■ Stored data
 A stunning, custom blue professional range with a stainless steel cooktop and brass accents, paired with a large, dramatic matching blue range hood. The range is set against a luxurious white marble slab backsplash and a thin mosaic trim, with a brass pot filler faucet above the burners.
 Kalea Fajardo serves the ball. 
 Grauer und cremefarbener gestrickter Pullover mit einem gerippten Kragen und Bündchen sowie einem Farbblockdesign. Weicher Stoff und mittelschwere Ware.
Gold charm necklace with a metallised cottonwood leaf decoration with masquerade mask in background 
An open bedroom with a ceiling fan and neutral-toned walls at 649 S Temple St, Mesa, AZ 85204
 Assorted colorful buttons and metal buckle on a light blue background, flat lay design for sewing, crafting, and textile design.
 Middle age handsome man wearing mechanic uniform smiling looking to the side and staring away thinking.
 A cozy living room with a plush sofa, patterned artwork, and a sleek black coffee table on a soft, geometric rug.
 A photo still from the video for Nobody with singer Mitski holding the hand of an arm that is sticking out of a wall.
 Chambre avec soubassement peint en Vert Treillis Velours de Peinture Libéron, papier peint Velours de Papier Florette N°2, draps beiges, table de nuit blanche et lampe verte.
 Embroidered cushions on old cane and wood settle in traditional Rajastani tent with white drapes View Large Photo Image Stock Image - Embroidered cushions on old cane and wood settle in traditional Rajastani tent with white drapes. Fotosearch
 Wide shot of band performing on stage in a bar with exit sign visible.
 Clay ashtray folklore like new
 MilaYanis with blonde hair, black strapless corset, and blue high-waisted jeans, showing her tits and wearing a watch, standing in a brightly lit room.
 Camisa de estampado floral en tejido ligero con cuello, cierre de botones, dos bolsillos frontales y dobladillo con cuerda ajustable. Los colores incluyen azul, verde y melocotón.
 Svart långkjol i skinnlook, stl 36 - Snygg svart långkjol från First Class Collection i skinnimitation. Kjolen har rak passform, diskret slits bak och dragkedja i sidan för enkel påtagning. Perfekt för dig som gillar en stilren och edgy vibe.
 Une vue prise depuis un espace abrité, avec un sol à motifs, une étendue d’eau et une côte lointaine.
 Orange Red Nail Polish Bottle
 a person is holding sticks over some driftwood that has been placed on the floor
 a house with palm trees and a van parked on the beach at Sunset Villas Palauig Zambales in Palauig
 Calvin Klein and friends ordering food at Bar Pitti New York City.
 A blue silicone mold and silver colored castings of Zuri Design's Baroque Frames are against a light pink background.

■ What to work on
Give back all of the data above without any alteration.

■ Output
 A stunning, custom blue professional range with a stainless steel cooktop and brass accents, paired with a large, dramatic matching blue range hood. The range is set against a luxurious white marble slab backsplash and a thin mosaic trim, with a brass pot filler faucet above the burners.
 Kalea Fajardo serves the ball. 
 Grauer und cremefarbener gestrickter Pullover mit einem gerippten Kragen und Bündchen sowie einem Farbblockdesign. Weicher Stoff und mittelschwere Ware.
Gold charm necklace with a metallised cottonwood leaf decoration with masquerade mask in background 
An open bedroom with a ceiling fan and neutral-toned walls at 649 S Temple St, Mesa, AZ 85204
 Assorted colorful buttons and metal buckle on a light blue background, flat lay design for sewing, crafting, and textile design.
 Middle age handsome man wearing mechanic uniform smiling looking to the side and staring away thinking.
 A cozy living room with a plush sofa, patterned artwork, and a sleek black coffee table on a soft, geometric rug.
 A photo still from the video for Nobody with singer Mitski holding the hand of an arm that is sticking out of a wall.
 Chambre avec soubassement peint en Vert Treillis Velours de Peinture Libéron, papier peint Velours de Papier Florette N°2, draps beiges, table de nuit blanche et lampe verte.
 Embroidered cushions on old cane and wood settle in traditional Rajastani tent with white drapes View Large Photo Image Stock Image - Embroidered cushions on old cane and wood settle in traditional Rajastani tent with white drapes. Fotosearch
 Wide shot of band performing on stage in a bar with exit sign visible.
 Clay ashtray folklore like new
 MilaYanis with blonde hair, black strapless corset, and blue high-waisted jeans, showing her tits and wearing a watch, standing in a brightly lit room.
 Camisa de estampado floral en tejido ligero con cuello, cierre de botones, dos bolsillos frontales y dobladillo con cuerda ajustable. Los colores incluyen azul, verde y melocotón.
 Svart långkjol i skinnlook, stl 36 - Snygg svart långkjol från First Class Collection i skinnimitation. Kjolen har rak passform, diskret slits bak och dragkedja i sidan för enkel påtagning. Perfekt för dig som gillar en stilren och edgy vibe.
 Une vue prise depuis un espace abrité, avec un sol à motifs, une étendue d’eau et une côte lointaine.
 Orange Red Nail Polish Bottle
 a person is holding sticks over some driftwood that has been placed on the floor
 a house with palm trees and a van parked on the beach at Sunset Villas Palauig Zambales in Palauig
 Calvin Klein and friends ordering food at Bar Pitti New York City.
 A blue silicone mold and silver colored castings of Zuri Design's Baroque Frames are against a light pink background.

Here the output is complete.